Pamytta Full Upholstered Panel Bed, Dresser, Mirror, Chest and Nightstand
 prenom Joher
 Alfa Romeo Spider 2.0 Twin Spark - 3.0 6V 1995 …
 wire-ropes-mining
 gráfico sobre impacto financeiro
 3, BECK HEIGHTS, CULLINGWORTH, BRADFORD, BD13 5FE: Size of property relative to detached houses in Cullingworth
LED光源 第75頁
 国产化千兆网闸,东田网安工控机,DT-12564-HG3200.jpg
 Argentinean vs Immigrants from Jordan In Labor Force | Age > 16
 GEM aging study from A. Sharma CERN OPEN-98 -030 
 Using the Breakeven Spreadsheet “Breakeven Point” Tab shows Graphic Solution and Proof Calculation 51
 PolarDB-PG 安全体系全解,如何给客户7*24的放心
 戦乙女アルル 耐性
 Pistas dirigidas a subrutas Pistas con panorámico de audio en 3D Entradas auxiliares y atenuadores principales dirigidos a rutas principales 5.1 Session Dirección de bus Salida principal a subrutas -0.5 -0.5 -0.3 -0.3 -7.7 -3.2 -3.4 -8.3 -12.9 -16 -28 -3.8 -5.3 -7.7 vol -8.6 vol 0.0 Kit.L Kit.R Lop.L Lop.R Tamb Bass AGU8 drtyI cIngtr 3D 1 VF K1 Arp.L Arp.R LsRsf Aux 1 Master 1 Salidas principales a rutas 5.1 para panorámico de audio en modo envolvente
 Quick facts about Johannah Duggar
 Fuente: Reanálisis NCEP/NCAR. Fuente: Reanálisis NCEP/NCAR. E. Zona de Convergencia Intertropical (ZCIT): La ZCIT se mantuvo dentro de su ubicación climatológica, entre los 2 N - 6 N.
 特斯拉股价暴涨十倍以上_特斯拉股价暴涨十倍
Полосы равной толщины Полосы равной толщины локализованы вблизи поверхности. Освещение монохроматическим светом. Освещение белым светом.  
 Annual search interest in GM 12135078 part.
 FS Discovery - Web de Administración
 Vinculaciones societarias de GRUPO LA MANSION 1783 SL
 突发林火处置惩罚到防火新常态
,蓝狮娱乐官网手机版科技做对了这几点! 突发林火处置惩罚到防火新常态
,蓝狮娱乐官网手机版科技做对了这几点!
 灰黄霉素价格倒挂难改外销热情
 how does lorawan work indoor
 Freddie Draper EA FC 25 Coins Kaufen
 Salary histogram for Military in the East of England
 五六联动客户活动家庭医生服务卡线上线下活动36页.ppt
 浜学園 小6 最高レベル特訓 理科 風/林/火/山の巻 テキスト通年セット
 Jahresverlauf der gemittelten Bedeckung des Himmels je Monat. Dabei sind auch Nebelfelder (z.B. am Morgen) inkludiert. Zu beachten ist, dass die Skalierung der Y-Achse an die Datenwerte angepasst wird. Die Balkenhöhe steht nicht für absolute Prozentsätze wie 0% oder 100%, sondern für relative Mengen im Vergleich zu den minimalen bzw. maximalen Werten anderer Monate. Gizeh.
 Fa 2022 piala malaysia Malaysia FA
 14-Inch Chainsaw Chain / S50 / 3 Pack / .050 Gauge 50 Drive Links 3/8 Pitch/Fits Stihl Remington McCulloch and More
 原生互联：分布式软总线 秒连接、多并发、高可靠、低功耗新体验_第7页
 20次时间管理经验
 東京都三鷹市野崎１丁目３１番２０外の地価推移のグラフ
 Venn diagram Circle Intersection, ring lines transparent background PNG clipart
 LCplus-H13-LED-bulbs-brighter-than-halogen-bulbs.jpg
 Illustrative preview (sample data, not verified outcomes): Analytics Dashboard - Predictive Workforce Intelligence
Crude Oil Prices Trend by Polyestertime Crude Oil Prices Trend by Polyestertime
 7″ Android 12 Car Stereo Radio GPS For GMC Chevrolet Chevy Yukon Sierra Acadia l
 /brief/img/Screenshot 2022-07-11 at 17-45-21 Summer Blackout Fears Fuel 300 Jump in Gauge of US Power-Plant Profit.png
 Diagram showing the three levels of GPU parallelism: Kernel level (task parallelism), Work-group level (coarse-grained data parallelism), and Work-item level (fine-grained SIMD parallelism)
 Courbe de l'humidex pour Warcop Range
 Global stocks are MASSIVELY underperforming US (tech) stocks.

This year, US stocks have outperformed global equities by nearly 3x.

Task description = Reproduce exactly, and only, the lines from the start of the entries through the one that contains "Quick facts about Johannah Duggar".

Result below =
Pamytta Full Upholstered Panel Bed, Dresser, Mirror, Chest and Nightstand
 prenom Joher
 Alfa Romeo Spider 2.0 Twin Spark - 3.0 6V 1995 …
 wire-ropes-mining
 gráfico sobre impacto financeiro
 3, BECK HEIGHTS, CULLINGWORTH, BRADFORD, BD13 5FE: Size of property relative to detached houses in Cullingworth
LED光源 第75頁
 国产化千兆网闸,东田网安工控机,DT-12564-HG3200.jpg
 Argentinean vs Immigrants from Jordan In Labor Force | Age > 16
 GEM aging study from A. Sharma CERN OPEN-98 -030 
 Using the Breakeven Spreadsheet “Breakeven Point” Tab shows Graphic Solution and Proof Calculation 51
 PolarDB-PG 安全体系全解,如何给客户7*24的放心
 戦乙女アルル 耐性
 Pistas dirigidas a subrutas Pistas con panorámico de audio en 3D Entradas auxiliares y atenuadores principales dirigidos a rutas principales 5.1 Session Dirección de bus Salida principal a subrutas -0.5 -0.5 -0.3 -0.3 -7.7 -3.2 -3.4 -8.3 -12.9 -16 -28 -3.8 -5.3 -7.7 vol -8.6 vol 0.0 Kit.L Kit.R Lop.L Lop.R Tamb Bass AGU8 drtyI cIngtr 3D 1 VF K1 Arp.L Arp.R LsRsf Aux 1 Master 1 Salidas principales a rutas 5.1 para panorámico de audio en modo envolvente
 Quick facts about Johannah Duggar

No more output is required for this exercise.